The Shafias were originally from Afghanistan but fled to Dubai before moving to Australia and then finally to Canada in 2007, settling in Montreal. On Sunday, the three defendants were found guilty of four counts of first degree murder and each sentenced to life in prison with parole eligibility in 25 years. The Crown prosecutor (the Canadian equivalent of a D.A.) argued these murders were honor killings. The three Shafia daughters had shamed the family by adopting Western lifestyles and the two elder daughters had boyfriends.

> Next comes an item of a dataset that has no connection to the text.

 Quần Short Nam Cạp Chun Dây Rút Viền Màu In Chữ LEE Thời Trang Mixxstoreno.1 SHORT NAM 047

Not surprisingly, most Muslim organizations have rejected that the Shafia murders were an honor killing and argue that they are an act of domestic violence. Alaa Elsayed, Director of Religious Affairs at the Islamic Centre of Canada in Toronto, claims, “It’s a domestic violence issue, bottom line. It has nothing to do with religion, specifically Islam.” Meanwhile, Alia Hogben of the Canadian Council of Muslim Women calls the killings “femicide.”
But Tarek Fatah, founder of the Muslim Canadian Congress, sees things quite differently. Fatah told The Toronto Star the system had failed the Shafia girls:
If these four women were white women, they would still be alive today.
If a white student would go to the principal or the police and say they would be beaten up, no one would go to their parents and say ‘can you repeat what you said to us?’ These girls went to the school, the cops, child services and everyone wanted to protect multiculturalism – not the lives of these young women.
(I should note here that I knew Fatah during my NDP days and am glad to hear he is in better health.)
It’s also not surprising that some Canadian feminists aren’t willing to call the Shafia murders honor killings and that many liberal Canadians are unwilling to call these acts honor killings for fear of being called racist. But here are a couple of articles that take these arguments apart – one by Barbara Kay of The National Post and the other by Naomi Lakritz of The Calgary Herald.
Kay explains why Western feminists won’t speak out on behalf of Muslim women:
Such a step is difficult for ideological feminists to take, because they are also great champions of multiculturalism. As well, it would mean admitting that violence against women is not inherent impuluse in men, but contingent on historical and cultural circumstances. Worst of all for Western feminists, it would mean colluding with women who want to improve their standing, security and dignity within their cultural communities, but don’t want to throw the baby out with the bathwater. By that I mean they don’t want to be abused, but they don’t want to have to walk away from their culture and community to stop it.
Meanwhile, Lakritz pulls no punches and tells the West to get over its white, liberal guilt:
And while some westerners pussyfoot around, afraid to use the term “honour killing,” no such reticence exists among women in the countries where these crimes occur….The women in these societies use the term “honour killings.” Why shouldn’t we?
Both articles are well worth reading. Unfortunately, this won’t be the last time we will face honor killings in both Canada and the United States.